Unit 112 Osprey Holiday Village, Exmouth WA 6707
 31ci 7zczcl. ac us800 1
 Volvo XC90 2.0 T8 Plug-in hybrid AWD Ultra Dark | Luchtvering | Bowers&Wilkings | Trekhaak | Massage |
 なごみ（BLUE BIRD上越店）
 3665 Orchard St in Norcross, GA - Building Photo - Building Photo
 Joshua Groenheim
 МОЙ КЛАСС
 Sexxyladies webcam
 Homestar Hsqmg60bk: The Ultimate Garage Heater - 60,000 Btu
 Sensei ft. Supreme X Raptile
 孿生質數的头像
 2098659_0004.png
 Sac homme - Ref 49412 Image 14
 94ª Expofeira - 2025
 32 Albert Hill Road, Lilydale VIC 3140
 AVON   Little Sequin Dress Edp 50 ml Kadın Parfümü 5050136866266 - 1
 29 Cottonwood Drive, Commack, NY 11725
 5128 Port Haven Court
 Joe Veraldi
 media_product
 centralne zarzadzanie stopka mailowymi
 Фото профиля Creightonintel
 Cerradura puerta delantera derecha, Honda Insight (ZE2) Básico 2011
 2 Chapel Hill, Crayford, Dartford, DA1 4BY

> TASK GOAL
Lines from the one with "29 Cottonwood Drive, Commack, NY 11725" through the last line above must be printed exactly; no other line is to appear.

> OUTPUT FOR THIS TASK
 29 Cottonwood Drive, Commack, NY 11725
 5128 Port Haven Court
 Joe Veraldi
 media_product
 centralne zarzadzanie stopka mailowymi
 Фото профиля Creightonintel
 Cerradura puerta delantera derecha, Honda Insight (ZE2) Básico 2011
 2 Chapel Hill, Crayford, Dartford, DA1 4BY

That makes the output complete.